11 November 2010

Why I don't have cable TV

Hard-hitting, incisive, important commentary here at Glomarization Central today. Cable TV!

Subscribers are fleeing cable television in droves. But because cable providers appear to have given up on the theory of supply and demand, rates are still going up. Around these parts, basic cable plus internet starts at about $150 per month after a promotional period.

I have two reasons why I don't have cable TV, other than the obvious problem of price. One, my local providers don't offer CBC, CTV, or Radio-Canada. Two, you can't get à la carte service.

See, no Canadian channels means no Hockey Night in Canada, no extensive French-language programming, no non-U.S. news analysis, no comedies that aren't Two And a Half Men, and no Don McKellar. And also we're stuck with NBC or their Windows-only website for Olympics coverage.

But that's almost OK. I can catch up on a lot of Canadian TV and movies by scouring the local independent film screenings -- few and far between though they are -- or dig deep into Netflix/Hulu/iTunes, or look for Olympics stuff on the BBC website. The bigger issue for me is that you can't pick and choose what channels you want to have.

Say I want to make a fruit salad. I figure I'd like today's salad to include an orange, some grapes, a kiwifruit, a banana, and a cantaloupe. I go to a grocery store, and at the store I can buy an orange, some grapes, a kiwifruit, a banana, and a cantaloupe. The store doesn't restrict me to a choice between the "preferred fruit salad combo" (pears, pineapples, mangoes, and maraschino cherries) versus the "premier plus triple XF fruit salad bundle" (yellow and ruby grapefruit, navel and valencia oranges, three varieties of apple, and a lime), neither of which packages includes the exact combination of fruit that I want.

Or say I want to paint a few rooms in my house. I want a green livingroom, a red bedroom, and a yellow kitchen. So I go to the paint store and buy a gallon each of green, red, and yellow paint. The paint store doesn't require me to buy a bundle of six cans of paints (green, red, yellow, as well as blue, white, and orange) -- or worse, two bundles with even more unwanted colors -- just so I can get my green, red, and yellow. And the one paint store in town is owned by the only grocery store in town.

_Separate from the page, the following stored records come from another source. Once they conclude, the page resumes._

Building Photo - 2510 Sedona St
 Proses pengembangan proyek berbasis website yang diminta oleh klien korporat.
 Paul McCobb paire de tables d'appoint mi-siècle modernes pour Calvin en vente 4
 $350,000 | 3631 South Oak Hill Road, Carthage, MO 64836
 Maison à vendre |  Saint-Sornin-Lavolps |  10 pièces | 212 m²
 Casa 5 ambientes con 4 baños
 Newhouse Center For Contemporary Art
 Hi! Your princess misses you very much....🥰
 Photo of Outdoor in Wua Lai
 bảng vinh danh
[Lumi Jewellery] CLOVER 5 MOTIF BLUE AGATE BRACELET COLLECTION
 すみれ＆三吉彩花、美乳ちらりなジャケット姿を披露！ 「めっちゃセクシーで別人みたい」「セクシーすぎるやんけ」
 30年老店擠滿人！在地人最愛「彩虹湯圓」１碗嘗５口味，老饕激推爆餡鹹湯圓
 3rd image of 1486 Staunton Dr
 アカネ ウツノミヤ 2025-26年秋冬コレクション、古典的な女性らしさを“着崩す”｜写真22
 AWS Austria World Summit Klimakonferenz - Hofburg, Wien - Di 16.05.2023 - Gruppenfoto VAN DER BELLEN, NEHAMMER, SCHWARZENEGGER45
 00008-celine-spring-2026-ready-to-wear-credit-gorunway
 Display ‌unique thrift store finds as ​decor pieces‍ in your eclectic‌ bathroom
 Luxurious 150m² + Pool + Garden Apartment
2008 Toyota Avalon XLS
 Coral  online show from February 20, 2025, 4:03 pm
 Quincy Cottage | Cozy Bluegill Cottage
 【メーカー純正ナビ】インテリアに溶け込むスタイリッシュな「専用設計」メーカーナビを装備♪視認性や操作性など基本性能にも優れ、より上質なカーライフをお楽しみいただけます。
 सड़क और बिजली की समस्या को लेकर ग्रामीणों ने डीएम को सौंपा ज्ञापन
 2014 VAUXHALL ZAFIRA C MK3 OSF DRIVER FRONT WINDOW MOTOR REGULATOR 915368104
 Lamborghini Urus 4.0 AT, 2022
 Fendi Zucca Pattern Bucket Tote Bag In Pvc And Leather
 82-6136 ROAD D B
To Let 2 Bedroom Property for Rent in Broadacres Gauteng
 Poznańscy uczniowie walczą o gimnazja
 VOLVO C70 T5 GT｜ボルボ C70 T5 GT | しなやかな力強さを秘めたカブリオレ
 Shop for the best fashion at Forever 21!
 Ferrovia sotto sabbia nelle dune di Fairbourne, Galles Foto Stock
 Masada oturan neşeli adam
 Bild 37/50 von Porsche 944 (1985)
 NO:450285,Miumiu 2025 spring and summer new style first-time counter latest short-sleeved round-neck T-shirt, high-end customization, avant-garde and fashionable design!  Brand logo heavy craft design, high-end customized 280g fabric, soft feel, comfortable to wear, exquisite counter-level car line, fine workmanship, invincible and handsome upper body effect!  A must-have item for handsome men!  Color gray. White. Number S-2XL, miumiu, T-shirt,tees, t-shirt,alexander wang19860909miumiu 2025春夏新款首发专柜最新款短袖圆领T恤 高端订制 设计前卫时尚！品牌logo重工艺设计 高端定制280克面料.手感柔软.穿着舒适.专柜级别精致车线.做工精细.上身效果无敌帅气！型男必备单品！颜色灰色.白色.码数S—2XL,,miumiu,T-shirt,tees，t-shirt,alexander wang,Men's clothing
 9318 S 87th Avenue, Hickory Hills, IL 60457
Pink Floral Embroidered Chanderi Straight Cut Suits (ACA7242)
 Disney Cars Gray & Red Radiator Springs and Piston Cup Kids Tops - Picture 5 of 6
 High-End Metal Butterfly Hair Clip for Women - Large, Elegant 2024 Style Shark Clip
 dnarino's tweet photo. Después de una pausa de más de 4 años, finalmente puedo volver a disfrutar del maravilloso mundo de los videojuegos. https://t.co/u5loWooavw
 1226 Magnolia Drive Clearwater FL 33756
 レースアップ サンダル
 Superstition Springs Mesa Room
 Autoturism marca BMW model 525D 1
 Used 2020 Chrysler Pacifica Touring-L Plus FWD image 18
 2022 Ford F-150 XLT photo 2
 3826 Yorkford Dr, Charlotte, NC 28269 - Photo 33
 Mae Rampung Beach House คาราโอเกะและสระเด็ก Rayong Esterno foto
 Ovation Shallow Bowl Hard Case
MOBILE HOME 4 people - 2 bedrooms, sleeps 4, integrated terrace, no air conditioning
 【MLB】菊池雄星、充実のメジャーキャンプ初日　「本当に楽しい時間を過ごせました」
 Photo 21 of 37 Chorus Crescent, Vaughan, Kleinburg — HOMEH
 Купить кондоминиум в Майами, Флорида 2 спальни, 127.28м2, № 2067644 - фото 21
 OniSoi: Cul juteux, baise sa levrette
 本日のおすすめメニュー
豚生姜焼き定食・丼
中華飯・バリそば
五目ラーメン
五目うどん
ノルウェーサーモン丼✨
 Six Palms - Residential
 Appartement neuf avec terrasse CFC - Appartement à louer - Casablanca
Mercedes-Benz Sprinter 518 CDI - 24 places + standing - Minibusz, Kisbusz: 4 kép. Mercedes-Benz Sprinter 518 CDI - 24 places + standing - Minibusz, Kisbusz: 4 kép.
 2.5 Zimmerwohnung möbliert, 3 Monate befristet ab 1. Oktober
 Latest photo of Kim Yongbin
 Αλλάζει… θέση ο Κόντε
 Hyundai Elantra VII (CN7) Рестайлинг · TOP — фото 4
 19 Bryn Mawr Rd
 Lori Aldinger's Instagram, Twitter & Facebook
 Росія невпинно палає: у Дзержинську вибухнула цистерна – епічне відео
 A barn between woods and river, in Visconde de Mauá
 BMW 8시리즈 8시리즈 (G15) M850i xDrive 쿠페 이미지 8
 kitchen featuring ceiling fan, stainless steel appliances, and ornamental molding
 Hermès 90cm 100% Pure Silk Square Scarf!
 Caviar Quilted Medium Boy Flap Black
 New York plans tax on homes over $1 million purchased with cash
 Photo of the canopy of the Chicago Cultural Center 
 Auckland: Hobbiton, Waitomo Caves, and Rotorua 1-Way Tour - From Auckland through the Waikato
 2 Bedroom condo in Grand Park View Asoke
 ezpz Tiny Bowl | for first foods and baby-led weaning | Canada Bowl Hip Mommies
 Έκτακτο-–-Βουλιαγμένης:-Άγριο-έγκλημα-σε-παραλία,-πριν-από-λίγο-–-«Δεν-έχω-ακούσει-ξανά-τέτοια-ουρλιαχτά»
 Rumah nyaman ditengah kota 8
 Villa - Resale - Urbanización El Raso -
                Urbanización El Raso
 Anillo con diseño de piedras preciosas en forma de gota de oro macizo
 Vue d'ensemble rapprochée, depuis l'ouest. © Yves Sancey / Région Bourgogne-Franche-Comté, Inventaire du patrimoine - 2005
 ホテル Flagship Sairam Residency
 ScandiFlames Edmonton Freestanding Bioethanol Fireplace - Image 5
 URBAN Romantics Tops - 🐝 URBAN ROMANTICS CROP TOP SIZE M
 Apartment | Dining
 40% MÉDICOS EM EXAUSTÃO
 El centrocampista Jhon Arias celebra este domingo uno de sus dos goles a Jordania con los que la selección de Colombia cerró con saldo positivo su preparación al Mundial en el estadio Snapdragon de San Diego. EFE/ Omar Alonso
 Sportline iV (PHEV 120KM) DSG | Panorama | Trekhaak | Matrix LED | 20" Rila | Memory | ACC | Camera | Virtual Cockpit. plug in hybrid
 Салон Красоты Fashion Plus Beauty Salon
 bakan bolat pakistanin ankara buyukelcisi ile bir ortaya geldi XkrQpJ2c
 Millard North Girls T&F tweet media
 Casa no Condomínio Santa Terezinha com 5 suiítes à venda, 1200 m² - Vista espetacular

But this kind of coercive bundling by a limited number of companies is exactly what happens with cable TV. Maybe all the TV I want is Animal Planet, Showtime, and Fox Soccer Plus. Animal Planet is part of basic cable, which includes a hundred other channels I don't want; Showtime is a channel you can get only with another cost-added bundle; and Fox Soccer Plus is available with one of the two local cable providers, but not the other. And I'm not a conspiracy theorist, but you'd have to be one seriously naïve cat to believe that the TV media giants don't discuss this kind of thing between themselves every once in a while.

Call a spade a spade: this isn't merely coercive bundling; it's called tying, and in any industry other than cable TV it's unacceptable, if not outright illegal under the Clayton Act. Though apparently the Ninth Circuit disagrees with me, I'm still not going to get cable TV until I can pick and choose my channels. I want my Hockey Night in Canada!